* _TASK DIRECTIONS_: Using the listing below, print the line containing "Stream - Quetico", the line containing "Te Kooo Duitse", and each line between them, exactly and nothing else. Pictures stay out of the print.

* _MATERIAL FOR THE TASK_:
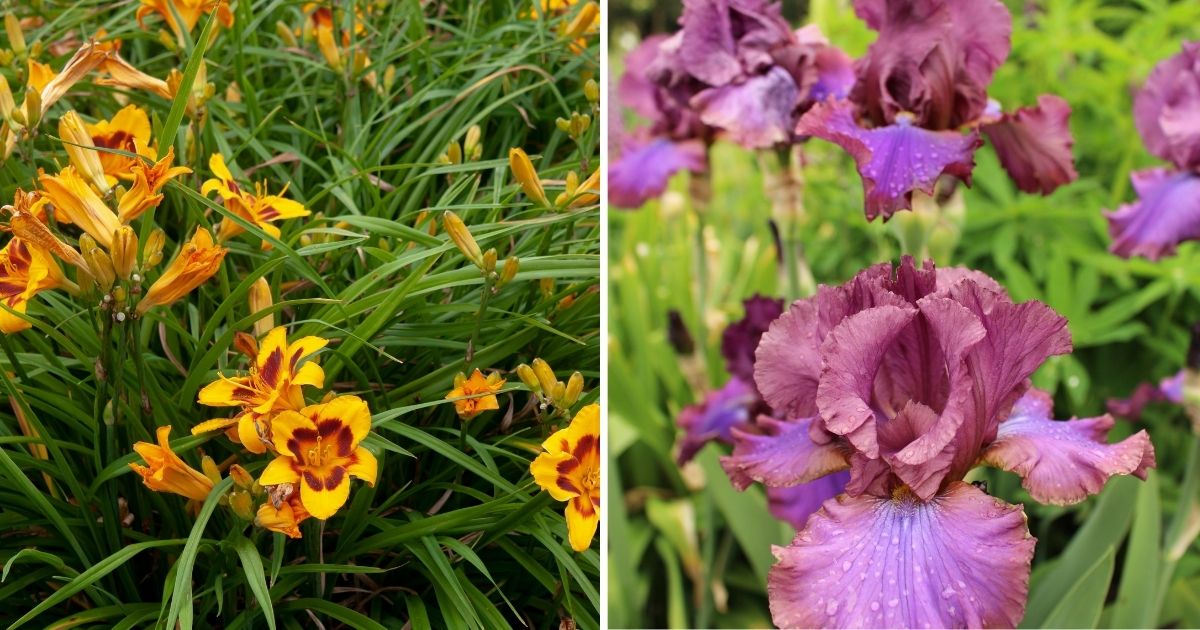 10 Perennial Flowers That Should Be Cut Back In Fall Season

* * *

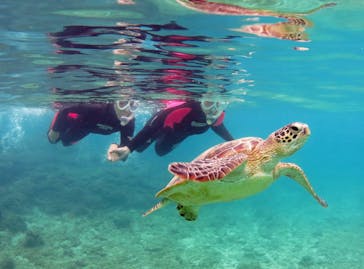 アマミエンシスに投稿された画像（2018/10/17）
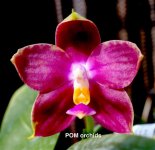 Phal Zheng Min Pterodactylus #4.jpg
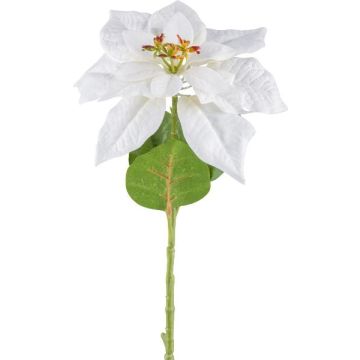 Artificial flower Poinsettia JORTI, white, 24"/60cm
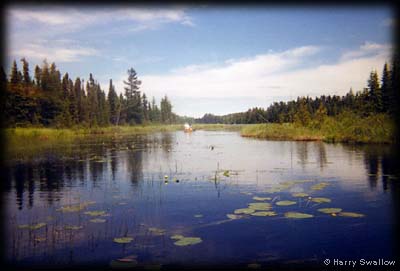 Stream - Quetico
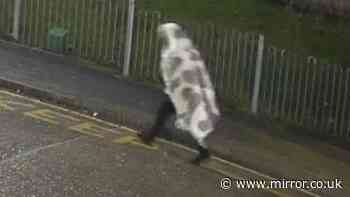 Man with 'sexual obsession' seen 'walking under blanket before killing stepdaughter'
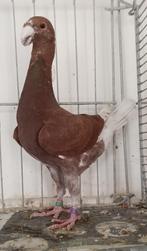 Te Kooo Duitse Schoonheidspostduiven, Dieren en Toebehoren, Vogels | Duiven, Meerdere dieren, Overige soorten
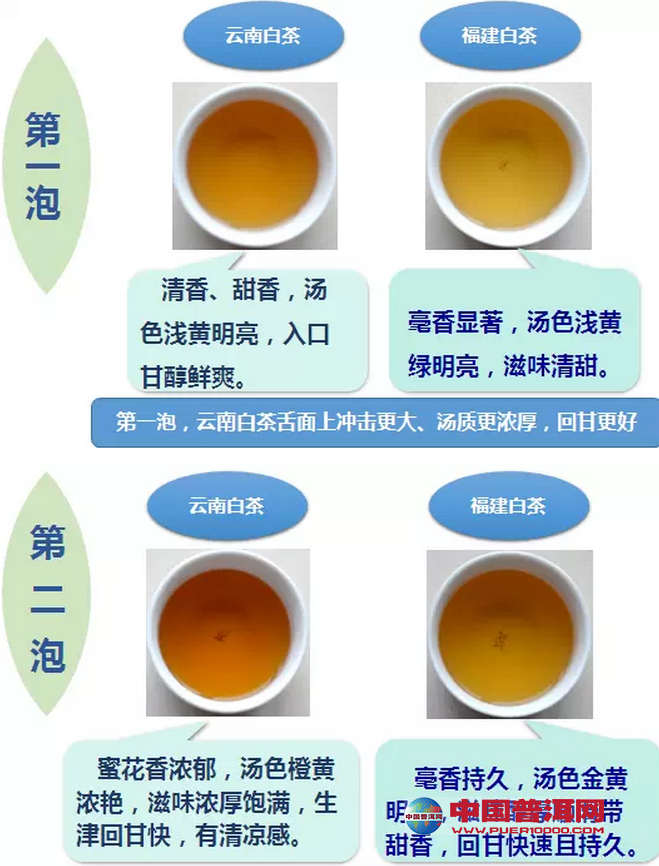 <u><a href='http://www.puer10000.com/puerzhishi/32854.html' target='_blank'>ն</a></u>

...

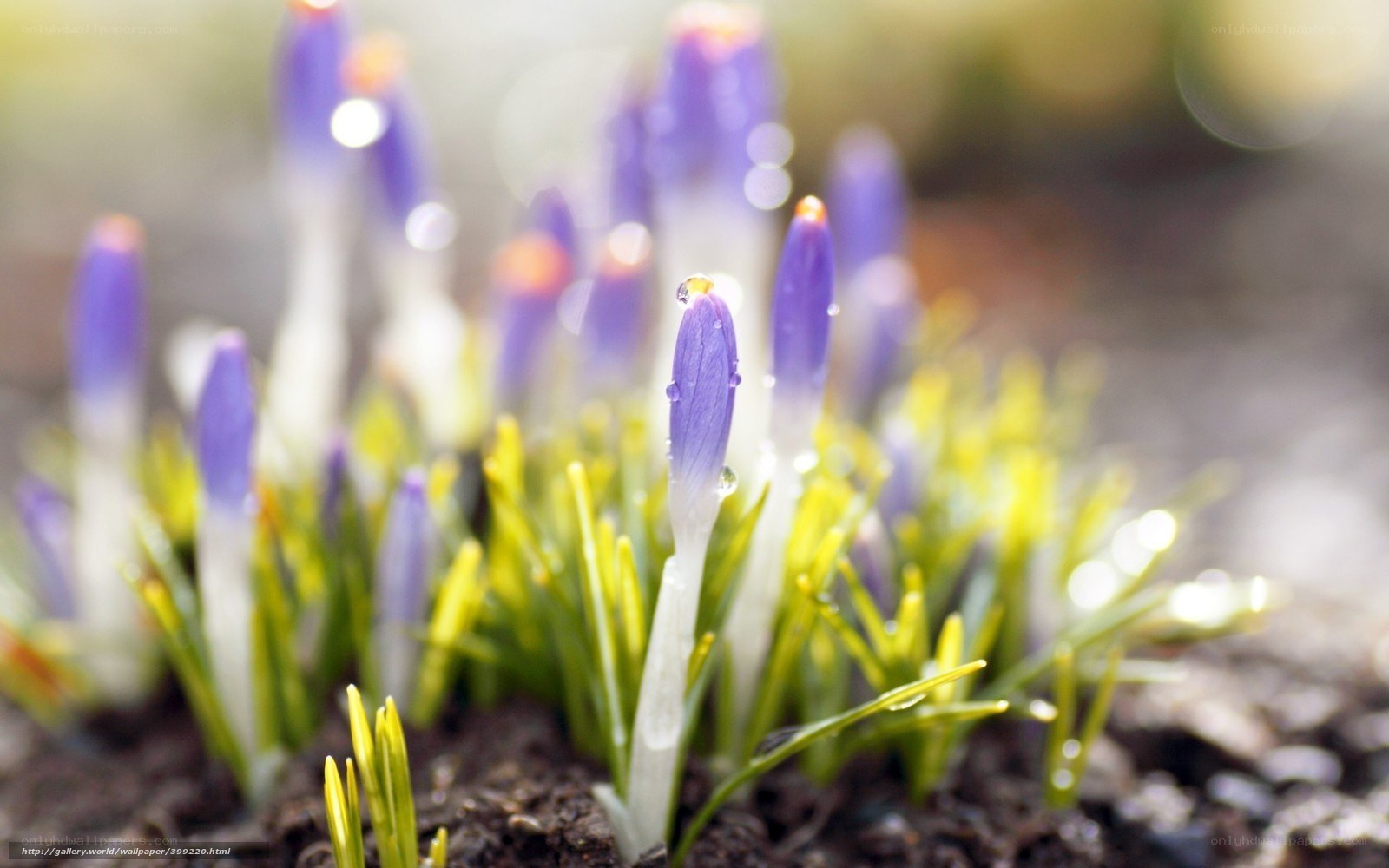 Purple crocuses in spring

* _RESPONSE TO THIS EXERCISE_:
 Stream - Quetico
 Man with 'sexual obsession' seen 'walking under blanket before killing stepdaughter'
 Te Kooo Duitse Schoonheidspostduiven, Dieren en Toebehoren, Vogels | Duiven, Meerdere dieren, Overige soorten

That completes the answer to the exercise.